Update on Aug 9, 2022: In the code chunk below,
sd = summary(fit_gam)$scale)
was changed tosd = sqrt(summary(fit_gam)$scale))
:y_sim <- matrix(rnorm(n = prod(dim(exp_val_sim)), mean = exp_val_sim, sd = summary(fit_gam)$scale), nrow = nrow(exp_val_sim), ncol = ncol(exp_val_sim))
Thanks to David Kaplan (IRD, France)
Finding prediction intervals (for future observations) is something different than finding confidence intervals (for unknown population parameters).
Here, I demonstrate one approach to doing so.

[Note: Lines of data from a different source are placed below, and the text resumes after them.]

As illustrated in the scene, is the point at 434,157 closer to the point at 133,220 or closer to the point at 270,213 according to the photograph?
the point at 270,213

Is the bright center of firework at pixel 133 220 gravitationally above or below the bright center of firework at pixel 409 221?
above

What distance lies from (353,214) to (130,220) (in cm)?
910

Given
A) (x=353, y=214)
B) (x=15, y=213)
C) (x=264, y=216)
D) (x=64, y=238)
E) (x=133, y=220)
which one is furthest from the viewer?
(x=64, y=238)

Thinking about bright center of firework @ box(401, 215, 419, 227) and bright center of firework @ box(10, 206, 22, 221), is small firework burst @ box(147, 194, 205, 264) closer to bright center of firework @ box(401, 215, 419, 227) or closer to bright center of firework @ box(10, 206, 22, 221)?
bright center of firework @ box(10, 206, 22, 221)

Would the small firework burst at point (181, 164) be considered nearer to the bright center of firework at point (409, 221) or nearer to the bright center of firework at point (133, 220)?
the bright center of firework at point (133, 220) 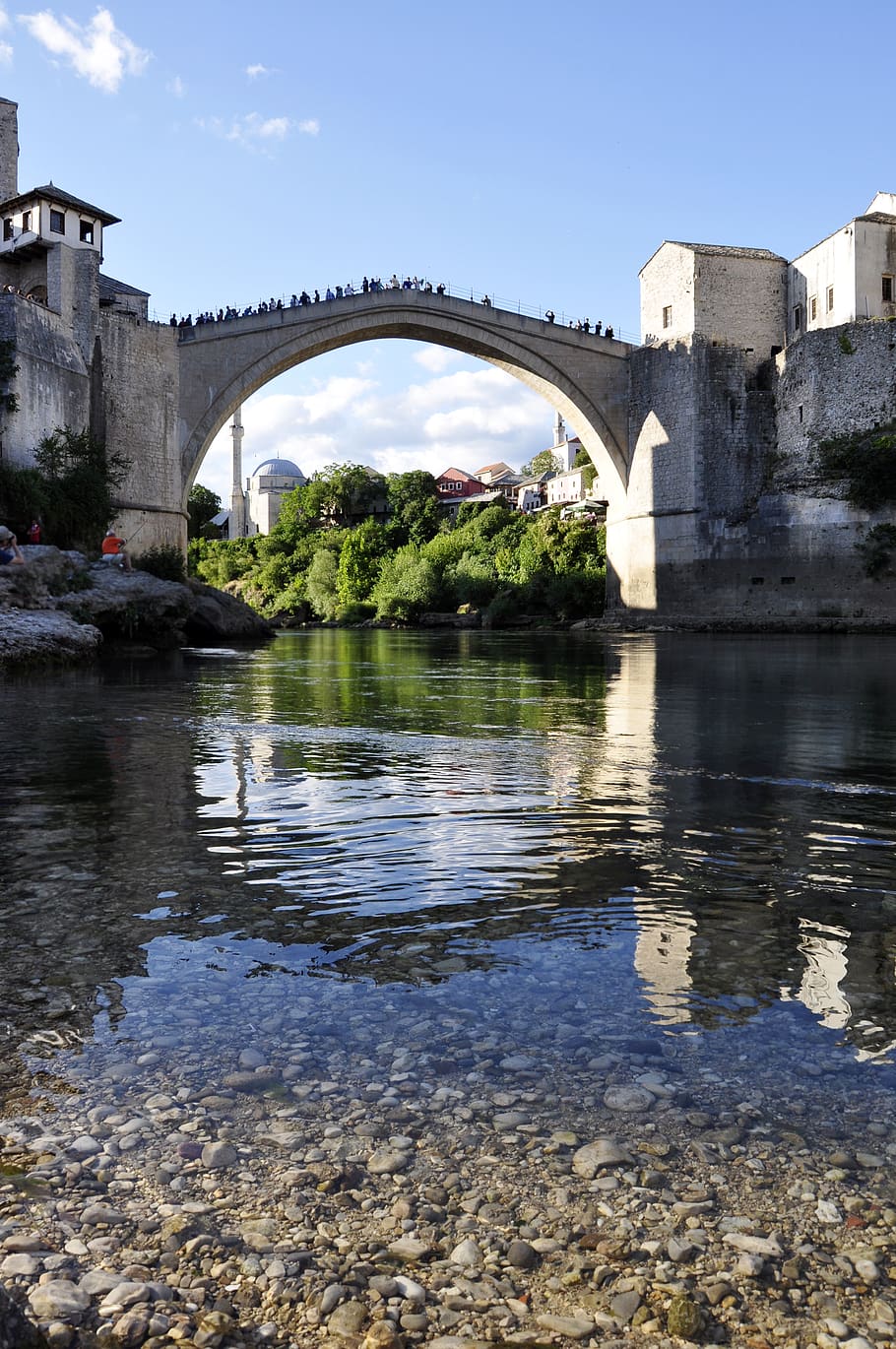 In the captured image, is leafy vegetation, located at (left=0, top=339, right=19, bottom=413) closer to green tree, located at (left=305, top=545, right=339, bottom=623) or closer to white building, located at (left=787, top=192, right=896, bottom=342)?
white building, located at (left=787, top=192, right=896, bottom=342)

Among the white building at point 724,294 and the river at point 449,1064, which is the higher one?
the white building at point 724,294

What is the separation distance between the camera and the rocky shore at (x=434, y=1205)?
1358 mm

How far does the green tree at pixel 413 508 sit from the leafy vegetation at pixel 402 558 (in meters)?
0.07

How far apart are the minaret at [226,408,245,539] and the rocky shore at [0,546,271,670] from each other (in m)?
54.7

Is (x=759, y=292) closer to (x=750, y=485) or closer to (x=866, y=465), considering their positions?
(x=750, y=485)

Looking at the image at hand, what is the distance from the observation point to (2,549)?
15836 millimetres

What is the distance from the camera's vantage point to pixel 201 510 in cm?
7025

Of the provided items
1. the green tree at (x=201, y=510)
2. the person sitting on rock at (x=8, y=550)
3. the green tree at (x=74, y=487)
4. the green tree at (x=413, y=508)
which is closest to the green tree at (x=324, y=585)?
the green tree at (x=413, y=508)

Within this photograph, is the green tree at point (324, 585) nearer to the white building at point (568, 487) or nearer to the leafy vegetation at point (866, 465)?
the white building at point (568, 487)

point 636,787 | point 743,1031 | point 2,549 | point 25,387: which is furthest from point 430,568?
point 743,1031

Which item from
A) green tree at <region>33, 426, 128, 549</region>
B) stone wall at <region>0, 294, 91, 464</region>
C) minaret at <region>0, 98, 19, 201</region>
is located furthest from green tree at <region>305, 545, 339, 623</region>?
green tree at <region>33, 426, 128, 549</region>

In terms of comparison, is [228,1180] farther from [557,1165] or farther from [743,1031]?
[743,1031]

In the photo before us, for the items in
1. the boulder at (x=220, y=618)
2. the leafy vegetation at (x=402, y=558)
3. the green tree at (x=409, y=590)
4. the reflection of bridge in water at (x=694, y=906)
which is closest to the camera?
the reflection of bridge in water at (x=694, y=906)

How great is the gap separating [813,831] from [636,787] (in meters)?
1.19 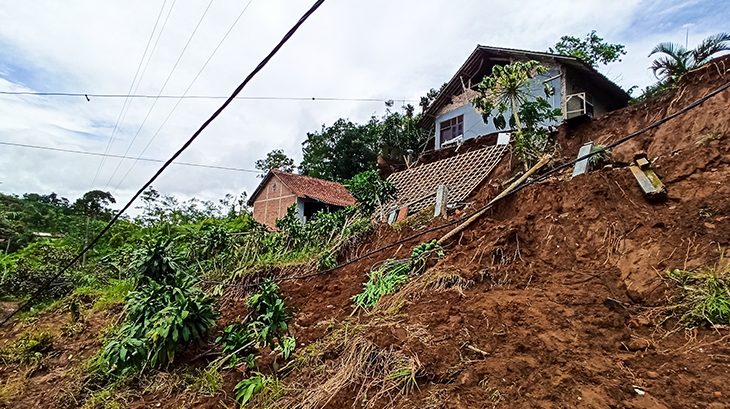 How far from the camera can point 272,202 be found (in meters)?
19.0

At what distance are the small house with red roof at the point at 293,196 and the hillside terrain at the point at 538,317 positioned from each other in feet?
38.7

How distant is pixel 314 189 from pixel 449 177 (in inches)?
426

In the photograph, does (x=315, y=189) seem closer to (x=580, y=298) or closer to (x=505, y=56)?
(x=505, y=56)

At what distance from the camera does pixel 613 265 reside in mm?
3596

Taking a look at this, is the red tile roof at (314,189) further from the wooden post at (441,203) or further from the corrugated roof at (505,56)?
the wooden post at (441,203)

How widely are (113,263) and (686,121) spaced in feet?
38.9

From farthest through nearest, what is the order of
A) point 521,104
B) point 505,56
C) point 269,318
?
1. point 505,56
2. point 521,104
3. point 269,318

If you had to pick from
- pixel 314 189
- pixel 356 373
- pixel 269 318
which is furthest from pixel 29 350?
pixel 314 189

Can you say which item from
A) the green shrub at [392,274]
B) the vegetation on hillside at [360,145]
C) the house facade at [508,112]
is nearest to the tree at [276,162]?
the vegetation on hillside at [360,145]

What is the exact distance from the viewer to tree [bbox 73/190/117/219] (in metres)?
16.5

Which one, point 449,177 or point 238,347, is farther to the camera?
point 449,177

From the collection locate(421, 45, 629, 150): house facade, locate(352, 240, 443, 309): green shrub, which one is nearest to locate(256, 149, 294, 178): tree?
locate(421, 45, 629, 150): house facade

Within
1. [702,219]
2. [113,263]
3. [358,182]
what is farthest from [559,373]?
[113,263]

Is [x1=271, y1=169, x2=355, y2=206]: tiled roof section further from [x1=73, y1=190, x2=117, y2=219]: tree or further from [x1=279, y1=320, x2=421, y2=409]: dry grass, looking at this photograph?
[x1=279, y1=320, x2=421, y2=409]: dry grass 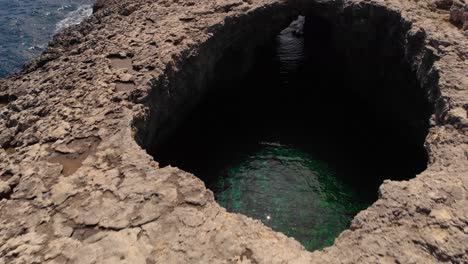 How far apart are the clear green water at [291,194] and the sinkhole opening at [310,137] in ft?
0.13

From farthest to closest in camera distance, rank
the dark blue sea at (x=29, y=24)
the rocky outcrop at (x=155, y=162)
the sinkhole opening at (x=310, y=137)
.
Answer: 1. the dark blue sea at (x=29, y=24)
2. the sinkhole opening at (x=310, y=137)
3. the rocky outcrop at (x=155, y=162)

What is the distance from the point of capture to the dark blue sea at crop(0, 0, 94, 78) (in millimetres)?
33938

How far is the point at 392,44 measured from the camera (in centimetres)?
1645

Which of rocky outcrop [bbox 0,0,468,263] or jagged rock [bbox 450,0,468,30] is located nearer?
rocky outcrop [bbox 0,0,468,263]

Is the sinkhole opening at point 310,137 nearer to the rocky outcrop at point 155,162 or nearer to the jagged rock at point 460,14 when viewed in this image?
the rocky outcrop at point 155,162

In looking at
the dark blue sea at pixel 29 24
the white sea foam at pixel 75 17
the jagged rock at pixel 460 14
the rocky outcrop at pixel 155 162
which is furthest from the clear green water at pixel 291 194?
the white sea foam at pixel 75 17

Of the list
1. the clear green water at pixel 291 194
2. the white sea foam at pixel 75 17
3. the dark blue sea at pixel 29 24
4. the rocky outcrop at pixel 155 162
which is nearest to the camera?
the rocky outcrop at pixel 155 162

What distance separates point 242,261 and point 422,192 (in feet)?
14.4

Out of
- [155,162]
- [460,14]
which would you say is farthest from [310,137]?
[155,162]

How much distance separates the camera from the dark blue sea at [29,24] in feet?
111

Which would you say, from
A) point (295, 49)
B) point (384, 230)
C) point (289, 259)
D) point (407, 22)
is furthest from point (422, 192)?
point (295, 49)

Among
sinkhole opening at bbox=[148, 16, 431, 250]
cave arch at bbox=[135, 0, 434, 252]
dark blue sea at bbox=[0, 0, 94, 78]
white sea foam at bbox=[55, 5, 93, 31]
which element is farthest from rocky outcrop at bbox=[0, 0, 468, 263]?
white sea foam at bbox=[55, 5, 93, 31]

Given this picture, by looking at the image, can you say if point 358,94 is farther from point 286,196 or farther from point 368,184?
point 286,196

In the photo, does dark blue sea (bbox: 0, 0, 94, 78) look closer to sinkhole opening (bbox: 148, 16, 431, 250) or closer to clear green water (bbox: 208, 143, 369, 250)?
sinkhole opening (bbox: 148, 16, 431, 250) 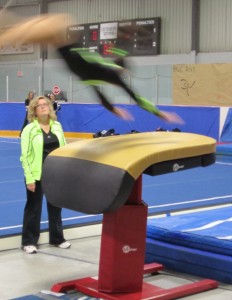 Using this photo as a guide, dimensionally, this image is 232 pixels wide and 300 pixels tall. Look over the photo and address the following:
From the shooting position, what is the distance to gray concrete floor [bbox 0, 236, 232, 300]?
13.8ft

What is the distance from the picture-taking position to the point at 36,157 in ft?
17.1

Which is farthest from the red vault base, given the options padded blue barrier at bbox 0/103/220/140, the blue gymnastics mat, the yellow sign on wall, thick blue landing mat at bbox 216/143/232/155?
the yellow sign on wall

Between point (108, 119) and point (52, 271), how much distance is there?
36.6 feet

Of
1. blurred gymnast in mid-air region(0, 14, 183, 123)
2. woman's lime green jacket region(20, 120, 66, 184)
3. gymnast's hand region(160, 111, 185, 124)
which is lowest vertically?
woman's lime green jacket region(20, 120, 66, 184)

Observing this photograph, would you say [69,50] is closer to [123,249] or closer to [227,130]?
[123,249]

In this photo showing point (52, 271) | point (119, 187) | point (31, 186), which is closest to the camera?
point (119, 187)

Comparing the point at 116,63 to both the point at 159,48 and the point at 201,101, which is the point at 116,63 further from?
the point at 159,48

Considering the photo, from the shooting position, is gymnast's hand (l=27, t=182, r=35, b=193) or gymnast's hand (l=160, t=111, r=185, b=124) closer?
gymnast's hand (l=160, t=111, r=185, b=124)

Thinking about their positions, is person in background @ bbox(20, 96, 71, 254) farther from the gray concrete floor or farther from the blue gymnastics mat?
the blue gymnastics mat

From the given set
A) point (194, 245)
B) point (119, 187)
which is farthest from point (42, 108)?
point (119, 187)

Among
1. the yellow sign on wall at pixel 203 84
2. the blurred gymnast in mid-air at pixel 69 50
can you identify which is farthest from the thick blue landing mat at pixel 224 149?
the blurred gymnast in mid-air at pixel 69 50

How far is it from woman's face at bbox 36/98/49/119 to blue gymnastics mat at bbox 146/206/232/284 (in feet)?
4.63

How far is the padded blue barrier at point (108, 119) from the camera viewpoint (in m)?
14.4

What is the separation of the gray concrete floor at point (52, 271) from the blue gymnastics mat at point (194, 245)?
0.32 feet
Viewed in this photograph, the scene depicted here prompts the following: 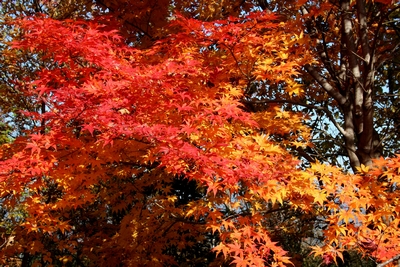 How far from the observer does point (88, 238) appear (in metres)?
6.39

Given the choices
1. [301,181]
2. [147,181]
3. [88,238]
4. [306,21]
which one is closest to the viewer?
[301,181]

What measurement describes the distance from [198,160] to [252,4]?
12.6ft

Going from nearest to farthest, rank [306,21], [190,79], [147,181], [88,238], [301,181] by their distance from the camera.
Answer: [301,181]
[190,79]
[306,21]
[147,181]
[88,238]

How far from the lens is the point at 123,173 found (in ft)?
16.3

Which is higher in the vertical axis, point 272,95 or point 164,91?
point 272,95

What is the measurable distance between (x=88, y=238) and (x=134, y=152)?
10.1 feet

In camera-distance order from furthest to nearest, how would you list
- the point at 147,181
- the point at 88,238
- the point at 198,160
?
the point at 88,238 → the point at 147,181 → the point at 198,160

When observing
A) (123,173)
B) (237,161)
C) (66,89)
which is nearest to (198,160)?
(237,161)

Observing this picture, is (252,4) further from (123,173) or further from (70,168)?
(70,168)

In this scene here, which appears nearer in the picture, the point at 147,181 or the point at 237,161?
the point at 237,161

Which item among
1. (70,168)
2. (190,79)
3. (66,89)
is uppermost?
(190,79)

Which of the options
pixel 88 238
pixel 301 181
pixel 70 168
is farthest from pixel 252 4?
pixel 88 238

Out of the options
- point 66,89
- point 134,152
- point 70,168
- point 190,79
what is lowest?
point 70,168

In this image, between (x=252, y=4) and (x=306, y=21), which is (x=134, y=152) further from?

First we load the library and simulate some data:
library(mgcv)
set.seed(1)
dat <- gamSim(eg = 1, n = 400, dist = "normal", scale = 2)
## Gu & Wahba 4 term additive model
The simulated in dat
contains the “truth” in the f
variables:
str(dat)
## 'data.frame': 400 obs. of 10 variables:
## $ y : num 3.3407 -0.0758 10.6832 8.7291 14.9911 ...
## $ x0: num 0.266 0.372 0.573 0.908 0.202 ...
## $ x1: num 0.659 0.185 0.954 0.898 0.944 ...
## $ x2: num 0.8587 0.0344 0.971 0.7451 0.2733 ...
## $ x3: num 0.367 0.741 0.934 0.673 0.701 ...
## $ f : num 5.51 3.58 8.69 8.75 16.19 ...
## $ f0: num 1.481 1.841 1.948 0.569 1.184 ...
## $ f1: num 3.74 1.45 6.74 6.02 6.6 ...
## $ f2: num 2.98e-01 2.88e-01 8.61e-05 2.16 8.40 ...
## $ f3: num 0 0 0 0 0 0 0 0 0 0 ...
fit_lm <- lm(f ~ f0 + f1 + f2 + f3, data = dat)
plot(dat$f, predict(fit_lm))
abline(0, 1)
And what can be used to demonstrate GAMs are available in the y
and x
variables:
fit_gam <- gam(y ~ s(x0) + s(x1) + s(x2) + s(x3), data = dat)
The idea is to simulate parameter vectors, and using such a simulated parameter vector, we can draw observations. Doing this many times can be used to generate a prediction interval.
We first extract the parameter estimates and their covariance matrix:
beta <- coef(fit_gam)
V <- vcov(fit_gam)
We then to simulate a number of parameter vectors. This is done by assuming approximate normality and using the Cholesky trick. The trick is that \[ \hat{\beta} + L \nu \quad \dot \sim \quad \text{MultivariateNormal}(\beta, V) , \] where \(V = L L^\top\) is the Cholesky factorisation of the covariance matrix \(V\) and \(\nu \sim N(0, 1)\).
num_beta_vecs <- 10000
Cv <- chol(V)
set.seed(1)
nus <- rnorm(num_beta_vecs * length(beta))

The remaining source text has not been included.